I have a running AWS Neptune graphDB which is being used in a production environment. I have since identified new vertices that I would like to add that will connect to specific existing vertices in the DB.
I have added the original set by splitting it up with the 'csv-to-neptune-bulk-format' script in https://github.com/awslabs/amazon-neptune-tools/tree/master/csv-to-neptune-bulk-format .
My question is, how can I bulk load my additional set in the most efficient way? I have two ideas on how to appraoch this, but I'm hoping that someone knows a simpler way.
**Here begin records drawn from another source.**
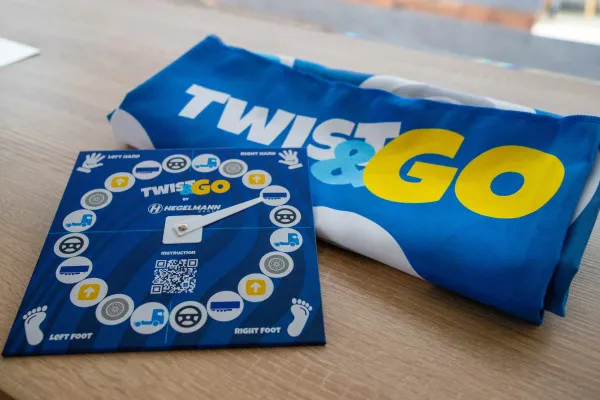 PERSONALIZOWANA GRA TYPU TWISTER PERSONALIZOWANA GRA TYPU TWISTER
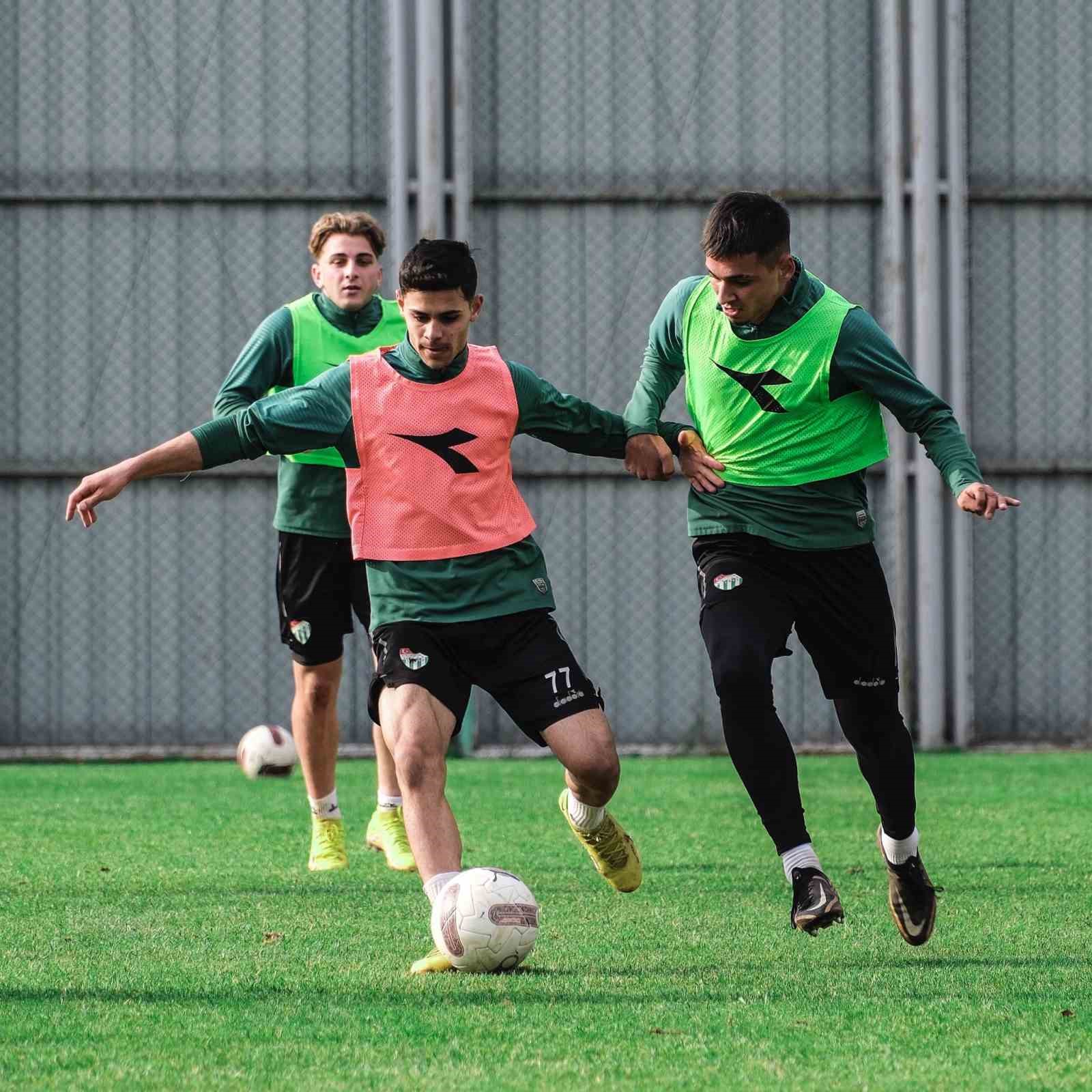 Bursaspor’da Diyarbekirspor maçı hazırlıkları başladı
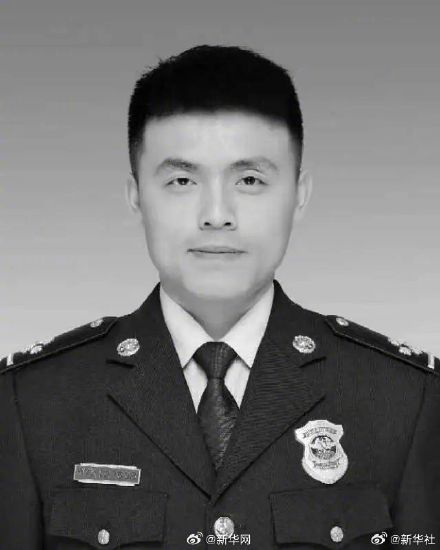 危急时刻他推开战友自己被砸牺牲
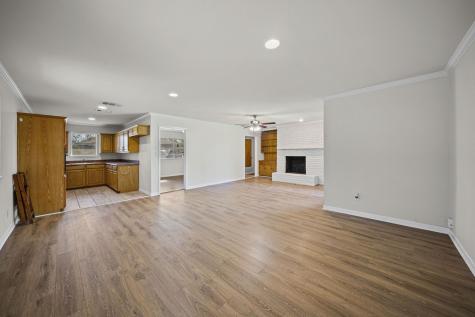 1315 Willow Creek Drive Lancaster TX 75146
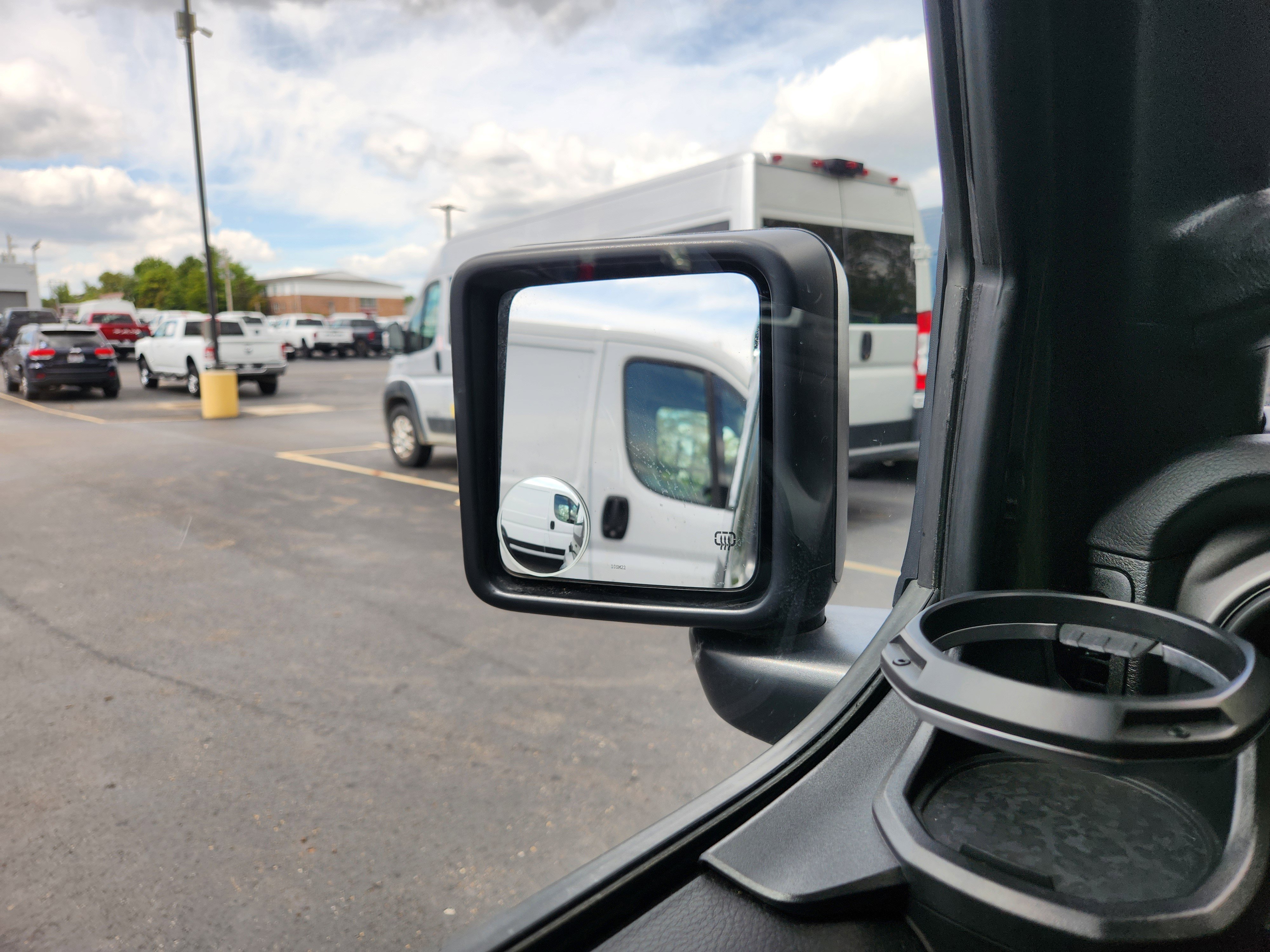 Used 2023 Jeep Wrangler Sport S image 11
Approach 1 will be to use the above 'csv-to-neptune-bulk-format' script to split up the new additional set and then bulk load that. I will then have duplicate vertices of where the new set overlaps with the original as the above script will assign new vertex id's for the vertices where the new set will connect to the original set. I have a function to then merge these duplicate vertices. This approach can be quite resource intensive though.
Approach 2 will be to split up the additional set with the above script and then replace the connecting vertex's id's in the generated csv for the edges that will connect the original set with the additional set. So basically the edge csv will change from [~id,~label,~from,~to] to [~id,~label, complimenting vertex id's generated from the first bulkupload,~to].
I'm hoping that I've missed some documentation or logic somewhere that will allow me to use existing vertex id's to simply bulk load the new processed vertices csv and the edge csv that will connect the new vertices with original vertices. Any help or advice will be greatly appreciated.